Each race begins with club members drinking a can of Dr. Pepper and giving a silent prayer to Matthew McConaughey. Whichever club member wins the race receives a $5 gift card to Dickey’s Barbeque.
Members are required to pay a $100 fee to join the club. The club fees go toward food, spa days and veterinary care for the armadillos, who are known to carry many diseases. “These little critters may carry rabies and leprosy, but they bring so much joy into our lives,” Coit Jr. said.
Two of the armadillos who currently participate in the races include Daisy, a sassy 2-year-old from Fort Worth who was discovered while terrorizing a daycare, and Roger, an intellectual 3-year-old who used to participate in races at the Texas State Fair.

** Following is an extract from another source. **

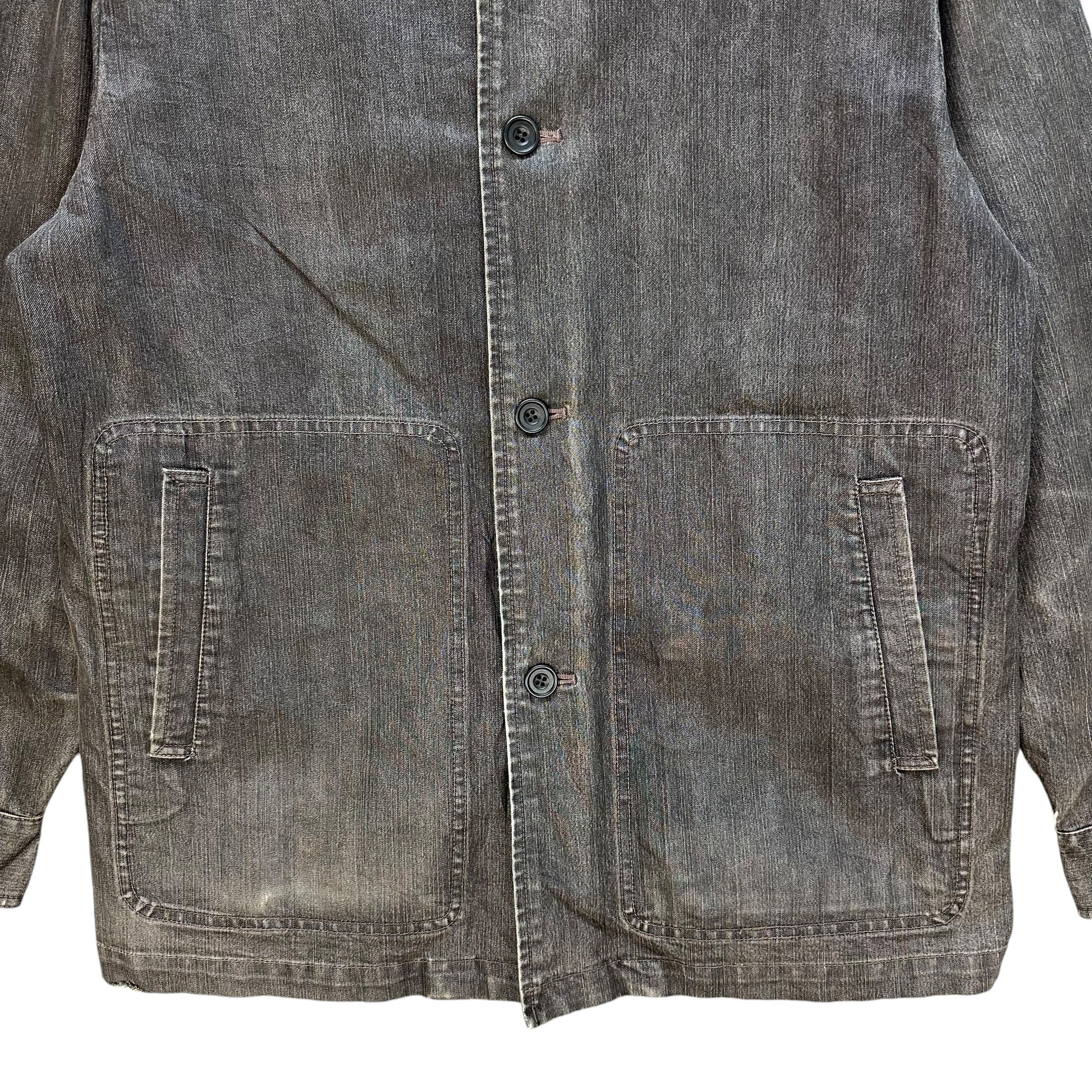 Yohji Yamamoto SACSNY Y’SACCS Vintage Work Denim Jacket #71-1431 Size US M / EU 48-50 / 2 - 3 Thumbnail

Some have reservations about the club’s activities. Leslie Nightingale, a junior biology major and a native of Colorado expressed her opinion of the club, saying, “I don’t feel comfortable knowing that wild animals carrying rabies and leprosy are running free in the basement of the library. That basement is already creepy enough.”
Health officials at UCCS and within the Colorado Springs community have also expressed concerns about the club and say that it could be a threat to campus safety. When asked about health and safety concerns about the club, Coit Jr. responded, “We’re Texans. Lone star state baby! Woo!”
The club may be required to move off-campus, but that would not deter the club members from enjoying their favorite pastime. “We will just find somewhere else to race our armadillos,” said club member Sarah Foothill, a sophomore visual arts major who is originally from Dallas. “We’ll probably just go to the parking lot at Texas Roadhouse.”